Meanwhile, XR220, the second aircraft, had undergone inspection and repairs after being damaged on delivery to Boscombe Down (it had literally fallen off a lorry!), and was ready to fly for the beginning of April after repeatedly delayed delivery of flight-capable engines. That the aircraft was incredibly advanced was not in question; and the problems besetting development were being solved one by one. But the specification was continually being downgraded to allow BAC to meet it, and the RAF was getting ever colder feet. All of the hard work would be to no avail. XR220 would never fly; the government, in the Budget Day announcement on the 6th of April 1965, announced that the TSR2 programme was to be terminated immediately.
The aircrew were at the time having lunch near Boscombe Down; on hearing the shocking announcement they rushed back to the airfield in an attempt to get XR220 into the air and to at least present the government with a second flying aircraft. This was not to be; permission was denied. While the management of BAC were informed before the budget speech was made, they were forbidden to tell their employees, who then had to hear the news on the radio. The House of Commons was in uproar over the cancellation; but no debate could take place during the budget speech so not only had the government treated BAC's workforce with contempt, they had tried to slip a major defence project cancellation past the opposition. A debate one week later in the house was a rough ride for Denis Healey (the new Minister of Defence), who tried to justify the cancellation on the basis that the F-111 could be bought more cheaply, though he could not state a real cost or exact timescale for the buy. Whatever happened from now, redundancies in the UK aviation industry were inevitable.
XR219, XR221 and XR223 were eventually taken to the shooting range at Shoeburyness, all to be destroyed as 'damage to aircraft' targets. XR220 was kept at Boscombe for a year or so for engine noise testing and then placed in storage at RAF Henlow for the nascent RAF Museum after it had much of its flight test equipment ripped out (even the wires were cut rather than disconnected). It was later transferred to RAF Cosford's Aerospace Museum and remains there to this day. XR222 was gifted to the College of Aeronautics at Cranfield for instructional use. She was later donated to the Imperial War Museum at Duxford. All the other airframes were eventually scrapped though many components were held onto for research purposes. Within around a year of cancellation, the jigs had been disposed of, a wooden mockup of the TSR2 was burned (while BAC men filmed it for publicity purposes).
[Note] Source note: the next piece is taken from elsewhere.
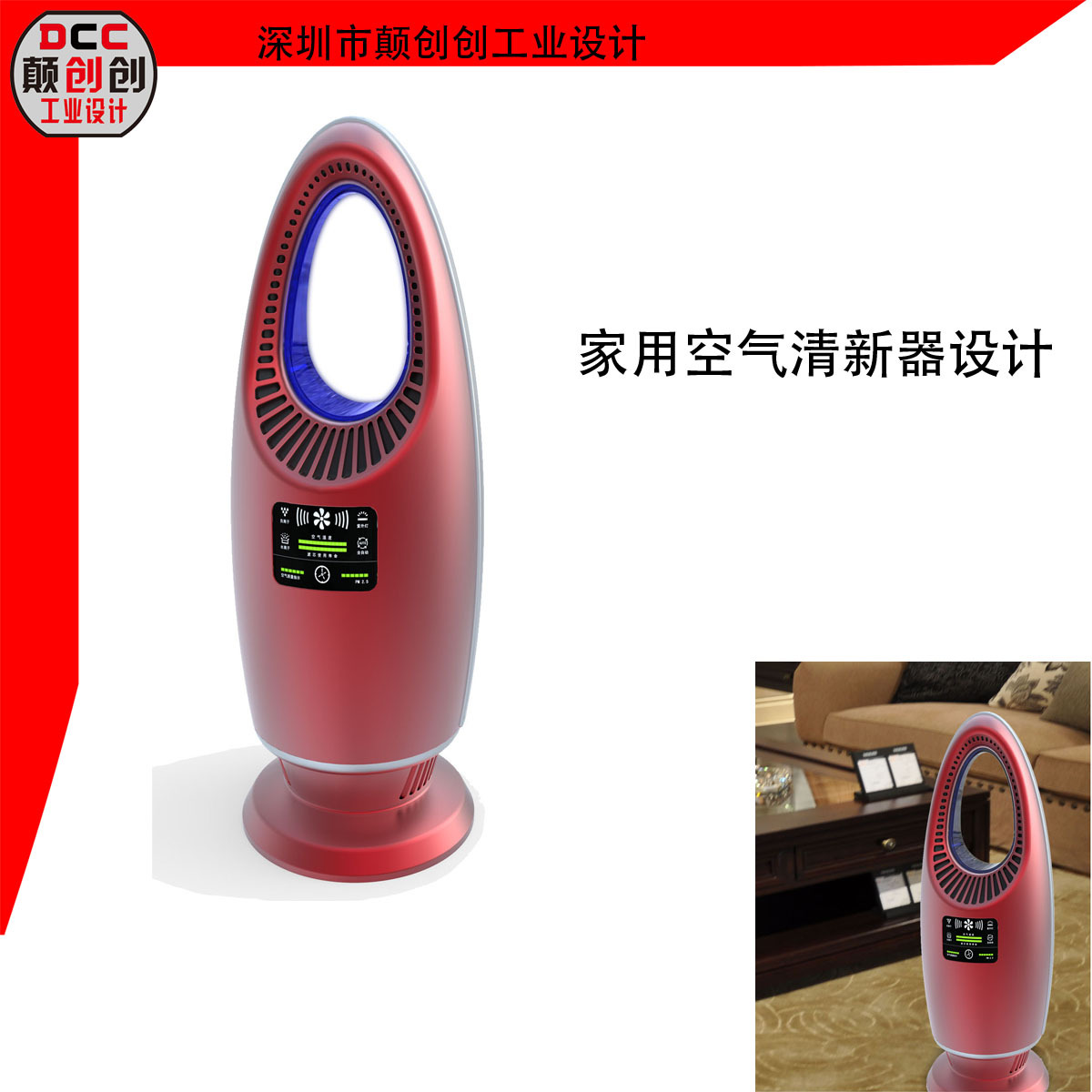 空气净化器设计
With good photographic and film coverage of the airframe scrapping and mockup burning, BAC made sure that the cancellation would never be forgotten, leading to years of exaggerated stories of the project's destruction.
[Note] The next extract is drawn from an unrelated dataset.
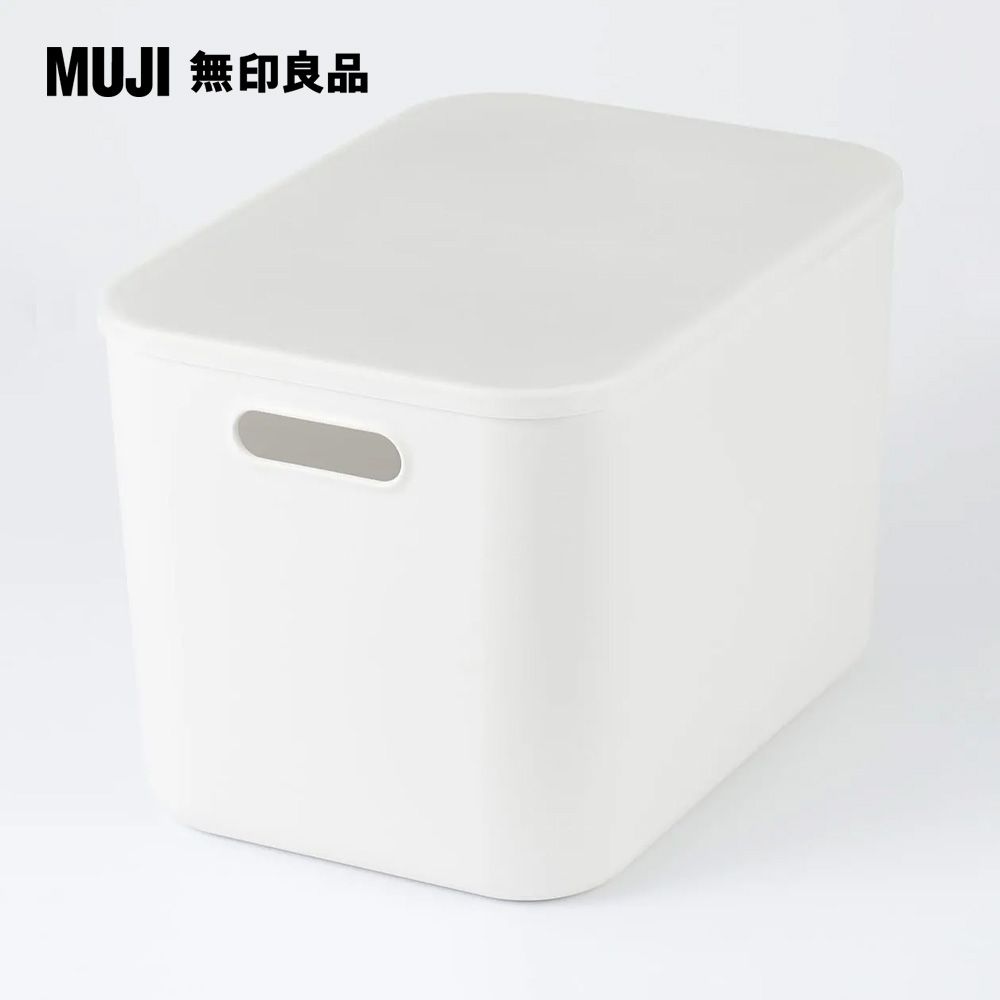 MUJI 無印良品 軟質聚乙烯收納盒用蓋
Cancelled in the months before were Hawker-Siddeley's two major projects; a new transport aircraft, the HS.681, and the P.1154 tactical strike fighter (the 'supersonic Harrier'). The P.1154 had also been victim of the infighting between the Navy and the Air Force, but some good was to come of these two cancellations. The P.1127, a less ambitious project, was allowed to proceed. This became the Harrier, a world-beating VTOL light strike aircraft and fighter which has since been developed into a number of versions for countries around the world, including the UK, the USA, India and Italy. The P.1154 itself was replaced by the US-made F-4 Phantom, though re-engined with British Spey engines. Problems with the Spey and Phantom marriage meant that not only were British Phantoms the most expensive of all, but they also performed nowhere near as well as the original US models. The TFX programme continued in the US; but when it too became massively expensive and development ran into major problems, the UK (and the US Navy) cancelled their orders. Britain was to pay hugely for the TSR2 cancellation; not only in the waste of the TSR2 development, but now in cancellation fees to General Dynamics. An attempt to produce a swing-wing aircraft of our own in cooperation with the French (the AFVG) ended in failure too.
BAC survived the TSR2 cancellation; the only other major project not cancelled was the Anglo-French Concorde supersonic transport, which while never being a massive commercial success, gave BAC valuable experience and prestige both with advanced aircraft and with international cooperation. The SEPECAT Jaguar, near enough a 'baby TSR2', gave them even more experience of this kind of cooperation, and produced a useful strike aircraft, though it did not compare with the TSR2. Following soon after came the MRCA (Multi Role Combat Aircraft, or, more cynically, Must Replace Canberra AGAIN!) project, a truly European project, which despite its detractors produced another world-beater - the Panavia Tornado.
Strangely, in 1979, there was a brief attempt to revive the TSR2 programme, with a private company looking at possible modifications to bring it up to date (square intakes with variable ramps like Concorde, modern electronics, Olympus 593 engines as per Concorde and so on) and badgering government and RAF departments with letters about resurrecting the aircraft. As they suggested using XR220 and XR222 as prototypes for this 'new' TSR2 and the Tornado was not far away from flying, it was frankly no wonder that this idea went nowhere. As it turned out, the Tornado eventually became more or less what the TSR2 was to have been. That it was still slightly less capable in some areas than the TSR2 had been projected to be a full fifteen years earlier says a great deal about how ambitious the TSR2 specification really was, and just why the project turned into such an expensive monster. That the TSR2 was all-British (bar some electronics) and the Tornado required the cooperation of three countries also says a great deal. TSR2 would not have been perfect - but it still could have been a world-beater - if we could have afforded to make it so.
|First flight||27th Sep 1964|
|Crew||Two - Pilot and Navigator|
|Armament||Final specification called for carriage of 2 x WE177A/B nuclear weapons, up to 10 x 1,000lb HE bombs, rocket pods, 2 x Martel missiles or a reconnaissance pack.|
|Powerplant||Two 30,610lb (22,000lb dry) Bristol-Siddeley Olympus B.O1.22R turbojets.|
|Max. speed||Prototype reached Mach 1.12; specification called for Mach 2.0 at altitude|
|Service ceiling||Final specification called for 40,000 ft|
|Range||750 n.m. combat radius hi-lo-lo-hi on internal fuel only (2,500 n.m. ferry range)|
|Empty weight||54,750 lb|
|Max. take off weight||120,970 lb|
|Wing span||37.14 ft|
|Wing area||702.9 sq ft|
* This is not a genuine total in the usual sense and consists of the development batch airframes (9), static test airframes (2) and pre-production airframes (11). At the time of cancellation, there was one flyer, one ready to fly, two more practically complete and the rest in various stages of construction. Of the two static test airframes, one was complete and in use, and the second was nearly complete. Eleven more airframes were to follow in the pre-production batch, but progress on these was mostly limited to rear fuselages - and even these were not actually complete when cancellation came.